Member of the Pennsylvania House of Representatives from the 176th district
- Incumbent
- Assumed office January 6, 2015
- Preceded by: Mario M. Scavello

Personal details
- Born: February 10, 1954 (age 72) Allentown, Pennsylvania, U.S.
- Party: Republican
- Spouse: Susan
- Children: 4
- Alma mater: Susquehanna University
- Occupation: Resort manager
- Website00000: Campaign website

= Jack Rader =

American politician

Jack B. Rader Jr. (born February 10, 1954) is a member of the Pennsylvania House of Representatives, representing the 176th House district in Monroe County, Pennsylvania.

== Biography ==
Rader was born on February 10, 1954 in Allentown, Pennsylvania. In 1972, he graduated from Pocono Mountain High School and in 1976 from Susquehanna University with a bachelor's degree in business administration. For thirty years he was manager and vice president of Mountain Springs Resort.

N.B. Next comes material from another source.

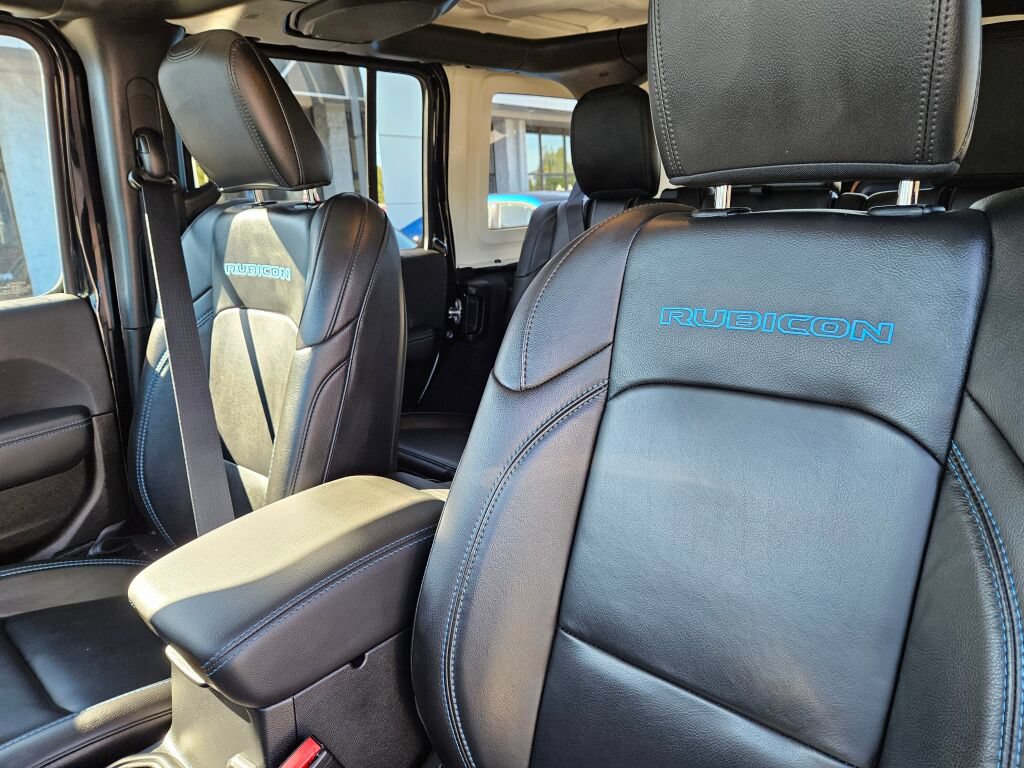 Used 2023 Jeep Wrangler Unlimited Rubicon 4xe w/ Cold Weather Group AWD/4WD image 17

Rader's political career started as an elected supervisor in Jackson Township in Monroe County, of which he was chair for twenty years. He also served on the Pocono-Jackson Water Authority, Regional Planning Board, Open Space Commission, and Monroe County Council of Government prior to being elected to the Pennsylvania House of Representatives in 2014.